AIM OF THE TASK -
Please output the listing below character for character and omit the images.

GIVEN INFORMATION -
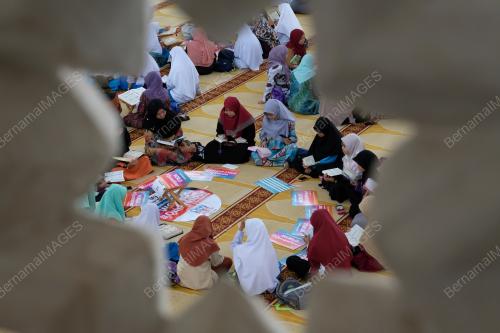 PH02_07062018_QURANHOUR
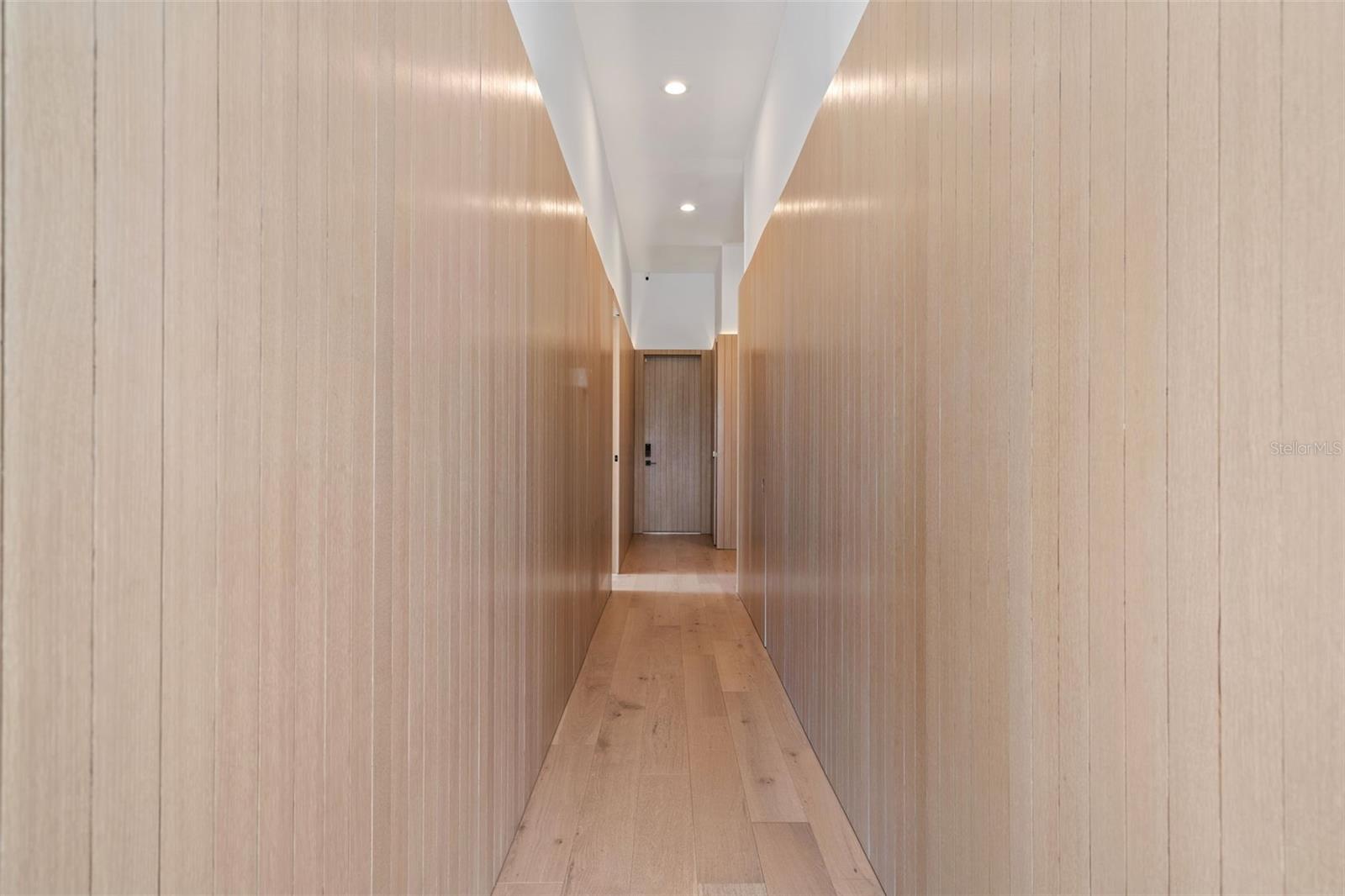 Image 24 of 71 For 16832 Vinci Way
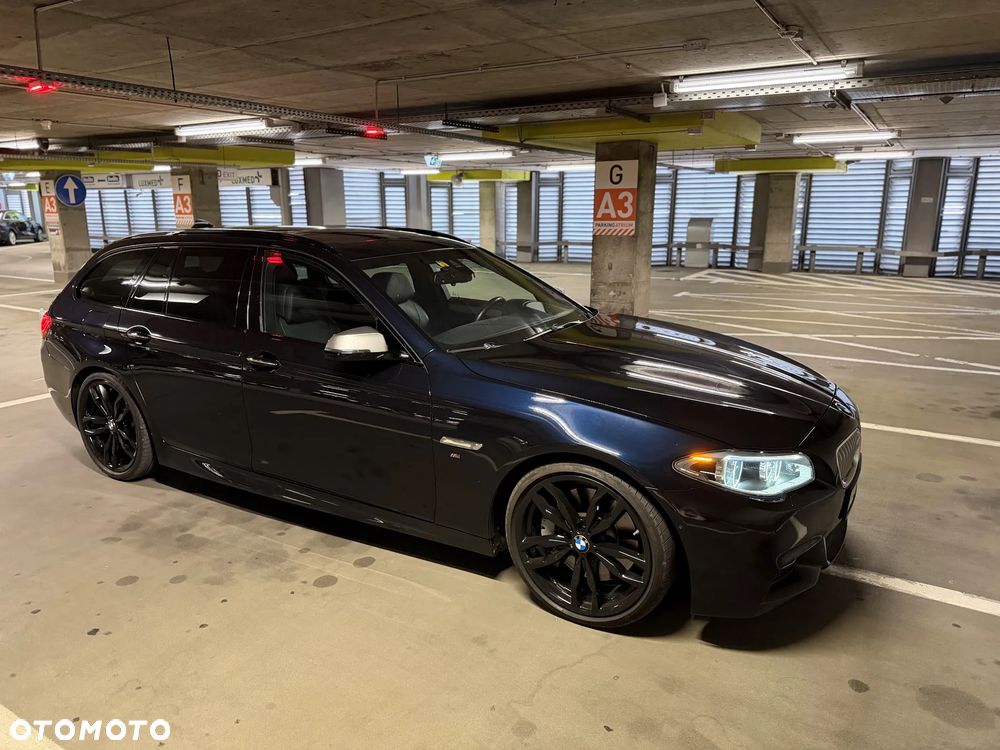 BMW Seria 5 M550d xDrive - 9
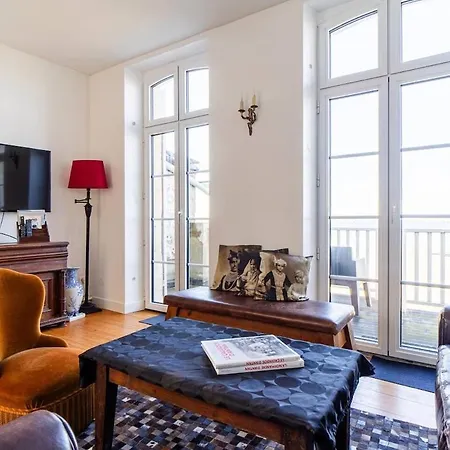 Bellevue With Panoramic Sea View *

FINISHED TASK -
 PH02_07062018_QURANHOUR
 Image 24 of 71 For 16832 Vinci Way
 BMW Seria 5 M550d xDrive - 9
 Bellevue With Panoramic Sea View *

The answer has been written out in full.